Chong et al. [41] systematically investigated the thermomechanical processing of Ti-12Mo and Ti-12Mo-0.3O alloys through a multi-step protocol involving hot forging (920℃), homogenization, quenching, and high-pressure torsion, achieving a refined grain size of 4.5 μm in the oxygen-containing alloy. The Ti-12Mo-0.3O ternary alloy exhibited improved mechanical characteristics (YS = 826 MPa, UTS = 1064 MPa, and El = 24%), effectively addressing the strength–ductility trade-off common in metallic biomaterials. This notable combination of strength and ductility makes it a promising candidate for applications requiring a balanced load-bearing capacity and deformation tolerance. Microstructural analysis highlighted the critical role of oxygen in suppressing strain-induced α’’ martensitic phase formation and restricting {332} <113> deformation twin thickening. Mechanistically, interstitial oxygen stabilizes the β-phase matrix via solid solution strengthening, reducing the thermodynamic driving force for displacive martensitic transformation, while simultaneously impeding twin boundary migration through solute drag effects. This dual inhibition preserves the strain-hardening capacity by maintaining controlled dislocation and defect densities, enabling concurrent improvements in strength and ductility. These findings underscore the dual functionality of oxygen as a microstructural stabilizer and deformation behavior modulator in titanium alloys.

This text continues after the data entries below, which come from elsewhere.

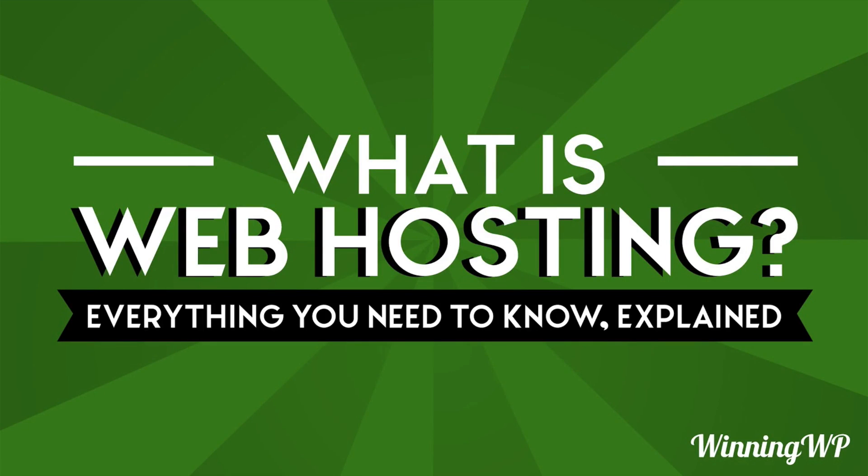Hi this is Topher with WinningWP. In this video we're going to answer the question, what is web hosting? Everything you need to know explained.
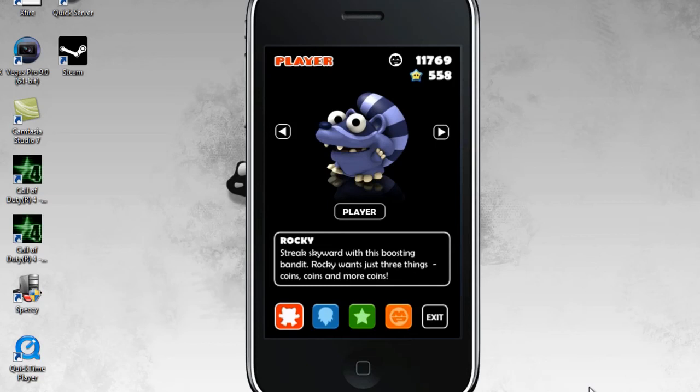Hello my chocolate flavored nipsicles. This is a tutorial on how to mod the app MegaJump.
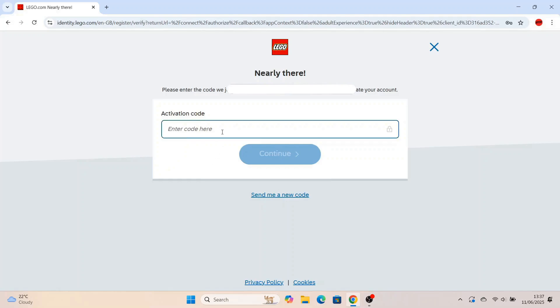Once you've done all that, press continue and then it will send a six digit activation code over to your email address that you've just put on the previous page. So you'll have to go over to your email and recover this six digit activation code.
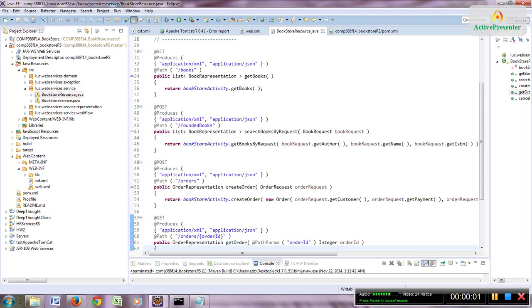Hello everyone. In this video I want to show you how to push your JAX-WS web service to Heroku. You want to watch this video if you want to learn how to convert a CXF project to Maven, or if you want to know how to deploy an application to Heroku.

Kozlík et al. [45] fabricated Ti-Nb-Cr alloys via electric FAST, with selected samples subjected to solution treatment at 1000 °C for 2 h in a vacuum tube furnace (10−3 Pa) followed by water quenching. Elevated oxygen content significantly increased Young’s modulus owing to lattice distortion strengthening from interstitial oxygen atoms, which enhanced electron cloud density and interatomic bonding forces, thereby inhibiting dislocation motion. Notably, a higher Nb content in the solution-treated and quenched alloys yielded a unique mechanical profile: the Young’s modulus decreased to 64 GPa, whereas the microhardness reached 337 HV. This stems from Nb’s dual role in stabilizing the β-Ti phase during solution treatment, suppressing brittle ω-phase formation, and retaining a supersaturated solid solution structure via non-equilibrium quenching. The inherently low modulus of the β phase synergized with Nb-induced solid solution strengthening through lattice distortion and short-range ordering, achieving simultaneous modulus reduction and hardness enhancement.

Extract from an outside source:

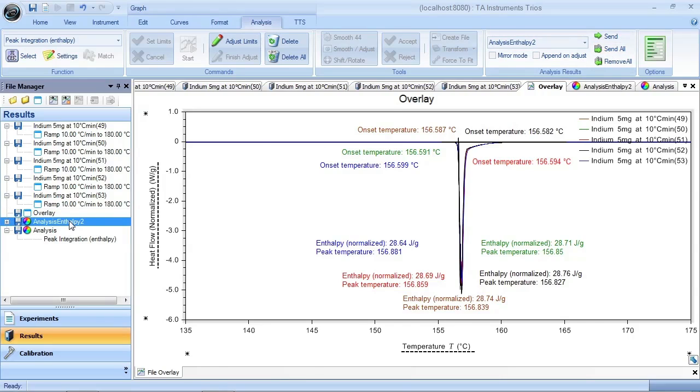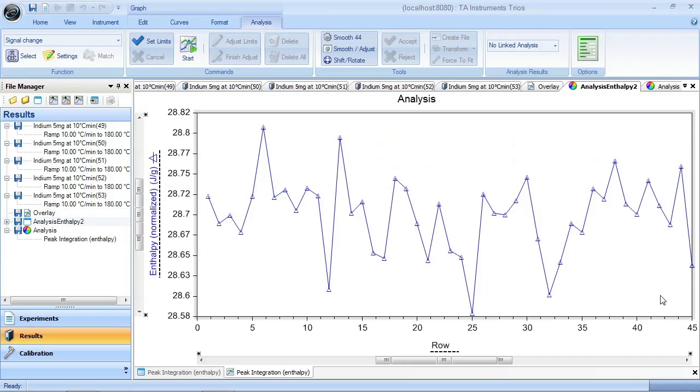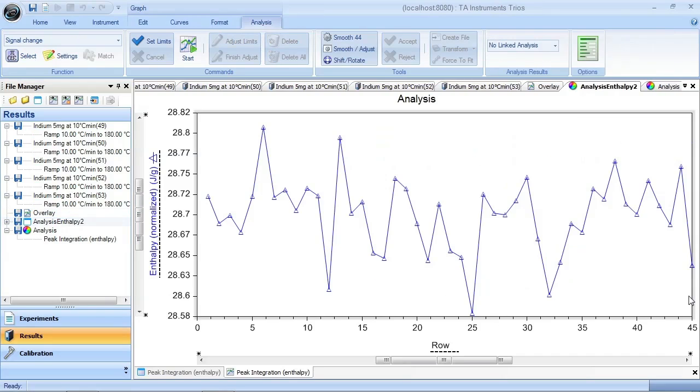Now I go back to my report and now I've got 45 runs. So every time I do another set of indium verification runs, I can just keep adding them to this report, and I can keep this going on. Now I just save this.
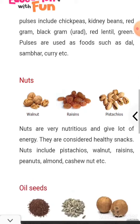Then nuts — all the dry foods: walnuts, raisins, pistachios. All these nuts we should eat: almonds, cashew, peanuts.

Wang et al. [47] systematically investigated oxygen-modified Ti-5Al-4Mo-4V-4Cr-3Zr (wt.%) alloys through β-phase solution treatment (1000 °C) and subsequent isothermal oxidation in an oxygen-argon atmosphere. The optimal performance was observed in the 4-hour oxidized sample (OC4h-β-Ti), which exhibited a surface oxygen concentration of 3.4 wt.% with exceptional hardness (1125 HV) and compressive strength (1.7 GPa). This superior performance originates from a dual mechanism: ① Oxygen diffusion creates a gradient microstructure featuring an oxygen-enriched surface layer and oxygen-gradient transition zones, where interstitial oxygen atoms induce lattice distortion and solution strengthening through electron density redistribution. ② The oxygen concentration gradient establishes coordinated strain hardening [49,50,51], enabling sequential plastic deformation from the high-oxygen (hardened) surface to the low-oxygen (ductile) core, effectively delaying crack initiation and propagation.

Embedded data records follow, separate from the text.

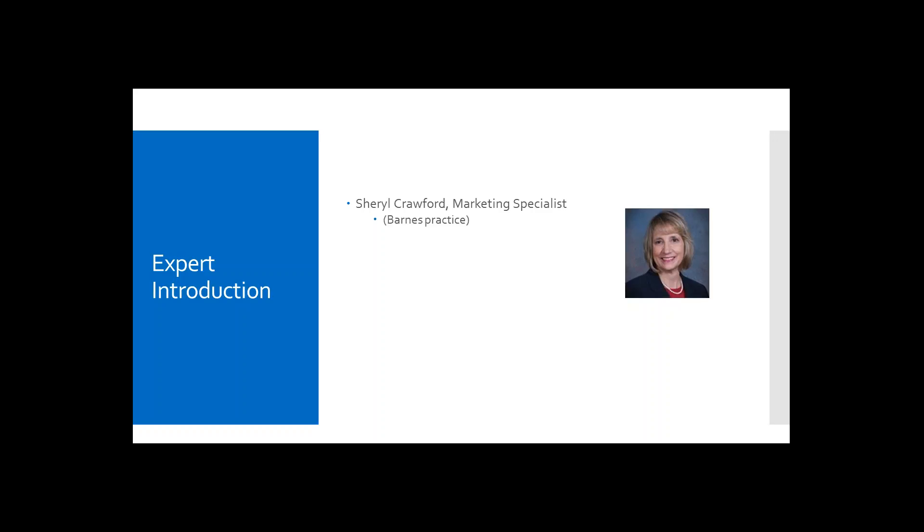She is our content expert today. Cheryl is the Marketing Specialist from the Barnes Practice in Roanoke, Virginia. Cheryl, can you share with us what your role is as the marketing leader in your practice?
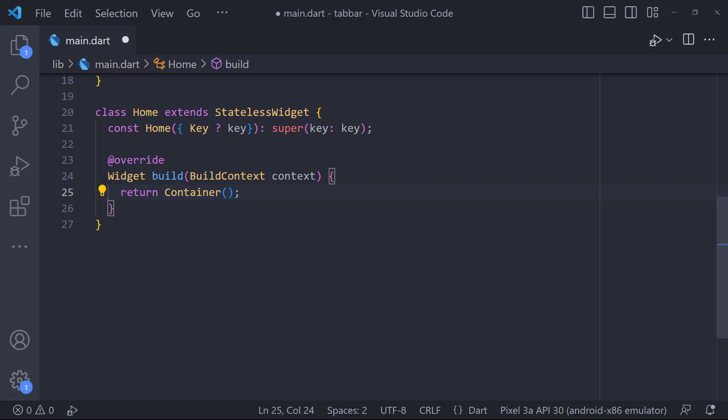Basically, in order to create a tab layout in Flutter, we need to implement the following steps: create a tab controller, create a tab bar, and create a tab bar view.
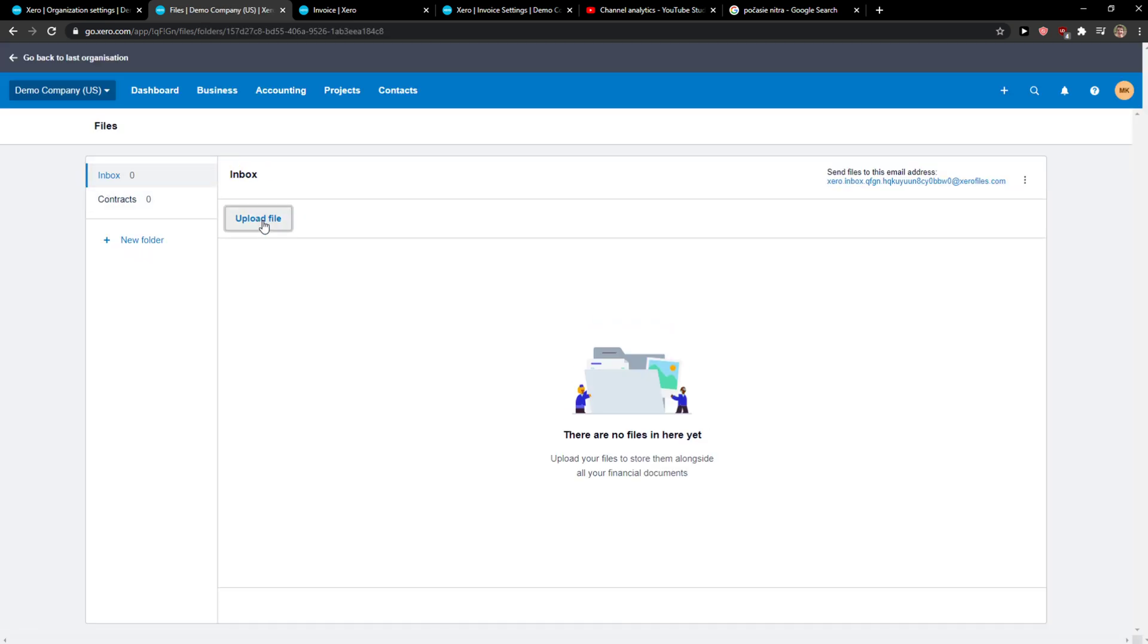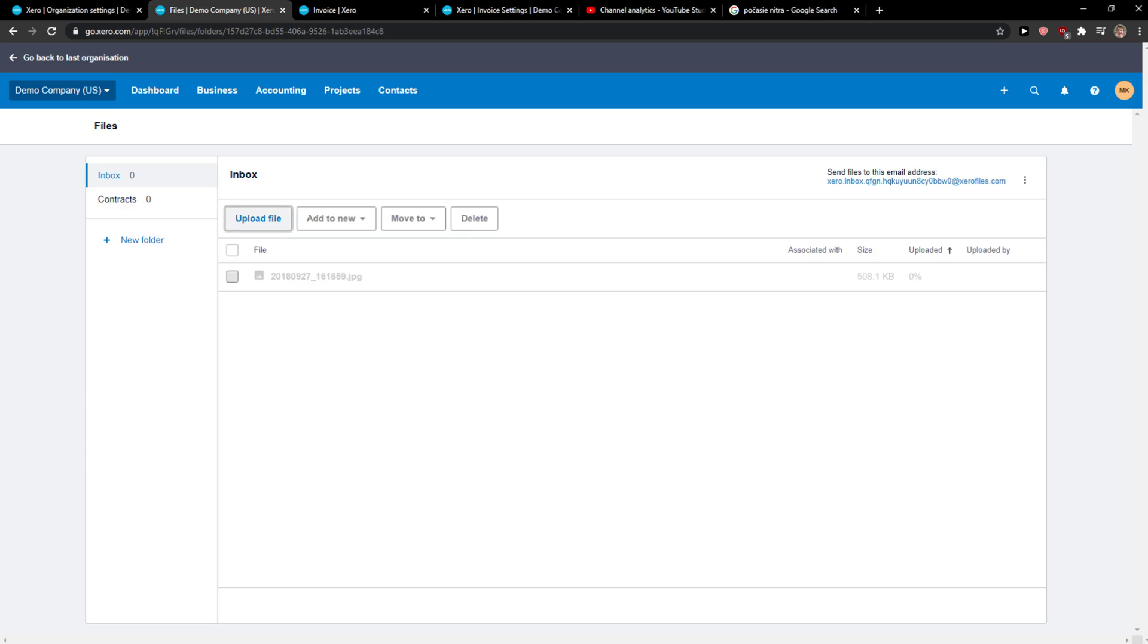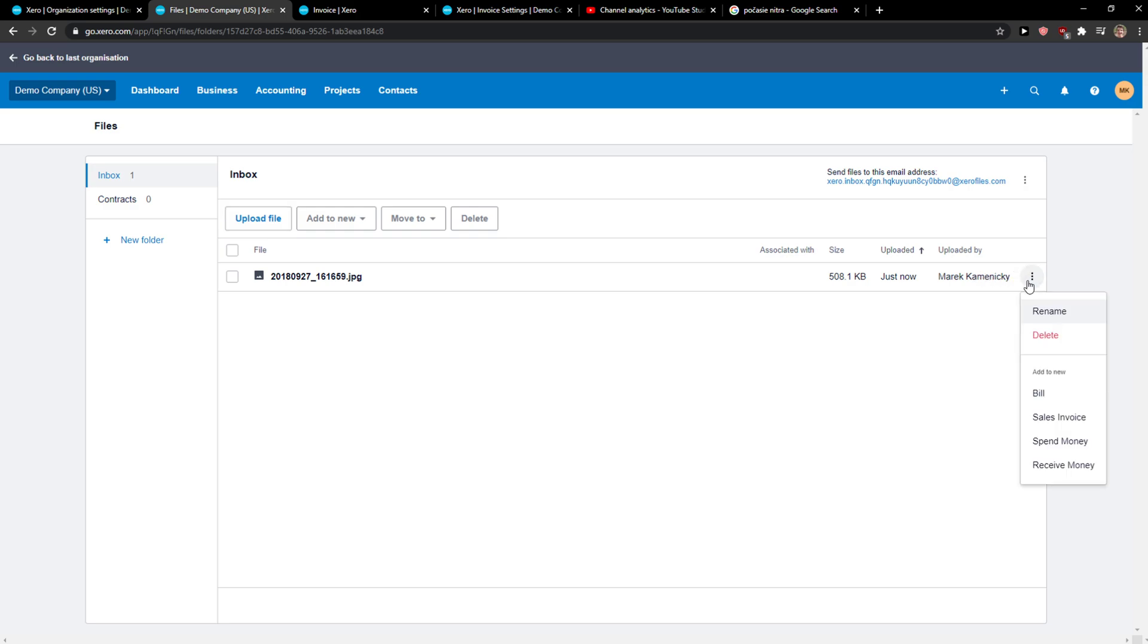You're going to see all files here and you can simply upload the file. Now I'm uploading the image and you can add to new sales invoice, spend money, receive money, or bill.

Gao et al. [48] investigated oxygen-modulated deformation mechanisms in Ti-32Nb-xO (x = 0.2–0.7 wt.%) alloys fabricated via arc melting. Oxygen doping induced β-phase stabilization by suppressing ω-phase formation while modifying deformation pathway activation thresholds, enabling tailored TRIP/TWIP effect regulation. The 0.3O alloy exhibited sequential stress-induced α″ martensite nucleation (<5% strain) followed by α″-variant reorientation and multi-stage twinning, achieving exceptional strain partitioning. In contrast, 0.5O alloy prioritized {332} <113> twinning initiation due to elevated β stability, with subsequent multi-level twinning and strain-induced α″ martensite (SIM) synergistically enhancing strain hardening. Critical oxygen content (0.3 wt.%) optimized β-phase metastability, balancing stress partitioning between deformation modes: martensitic transformation accommodated early plasticity while twinning sustained hardening, culminating in 887 MPa ultimate strength with 53% ductility, realizing a synergistic improvement in mechanical properties.

2.3. The Influence of Interstitial Oxygen on α+β Dual-Phase Titanium Alloys

The α+β dual-phase titanium alloy system is generally synthesized through strategic incorporation of β-stabilizers (e.g., Cr, Mo, V, and Nb) into the α-Ti matrix, which facilitates the formation of a dual-phase architecture comprising HCP-phase and BCC-phase domains. Due to their highly controllable phase ratio and morphology, α+β titanium alloys offer superior mechanical properties compared to α titanium and β titanium alloys, as well as enhanced ability to reduce crack propagation rates. Therefore, α+β titanium alloys occupy the largest proportion in the practical production and application of titanium alloys [52]. The following Table 3 summarizes the mechanical properties of duplex titanium alloys after PT due to interstitial oxygen:
Gao et al. [54] examined the impact of oxygen in powder metallurgy-processed Ti-3Al-5Mo-4.5V and found that oxygen, as interstitial atoms, preferentially occupies octahedral interstitial sites within the α-phase lattice. This occupation induces lattice expansion along the c-axis direction, increasing the c/a ratio to 1.593 Å (Figure 5a–c), and significantly enhances the hardness of the α phase from 4.03 GPa to 5.05 GPa, thereby improving the overall strength of the alloy by approximately 150 MPa. However, elevated oxygen content exacerbates the hardness disparity between the α-phases and β-phases, weakening their coordinated deformation capability (Figure 5d). This leads to dislocation pileups and stress concentration at phase interfaces, initiating rapid crack propagation. When the oxygen content is reduced to 1500 ppm, the activation of abundant dislocations within both phases and the formation of subgrain boundaries promote intragranular stress relief. Concurrently, the interfacial resistance to dislocation migration decreases, substantially enhancing the plastic compatibility of the equiaxed microstructure.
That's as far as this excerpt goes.